1. Budgets, by definition, are basically about the government's finances. Should the government balance its budget? Yes, if you can't borrow any more. No, if you can continue to live on credit. This question is important because it affects all the other issues. Budget 2010 promises to bring down the deficit as a proportion of the national income. This percentage balloons in recent years for two reasons: that the national income failed to grow or even contracted, and that as a result the government borrowed more to try to beef up the economy. This is a double whammy for the target percentage but it is something that one should expect. Once the economy recovers strongly, we will see a sharp reduction of that percentage by virtue of the improvement in the denomination of the measurement. Budget 2010 expects its deficit to fall to 5.6% of GDP from 7.4% in 2009 as a result of a sharp reduction in the Federal Government's operating expenditure - if this effort fails, the deficit will be back up to 7%. But it doesn't matter.

2. The direction of Federal Government spending especially development expenditure is crucial because it is strategic. It is a bit off the point when the government is talking about the efficiency of spending - although important for the purpose of stopping a corrupting culture - but not for saving the economy from nosediving further or turning it around. The government should spend to build new foundations for the new economy. Properly educated children is necessary but not sufficient. We have to lay the foundations for our technological base. Importing expensive foreign machines is a first step so long as we have money.

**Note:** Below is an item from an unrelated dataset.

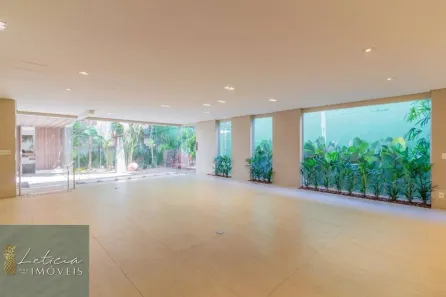 Imóvel Comercial para alugar, 480m² no Jardim América, Pirajuí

But getting our young men and women to invest their time and talents to build sophisticated things need to be encouraged. I am happy with some encouragement for the arts (RM200 million) but I hope will not be squandered on some undisciplined wannabes. Creativity is serious business.

3. The 15% flat income tax for Iskandar Corridor is a curious case. While it is now unfair by being preferential, it cannot be removed at all in future without the collapse of Iskandar. The only future move for it must be, if it proves itself to be good, to apply it nationwide. The whole country should be competing with the rest of the world, and not Iskandar competing with the rest of the country.

In all, Budget 2010 is champagne without the bubbles. To be fair, it is only an annual budget. The bigger directional one must be the 10MP.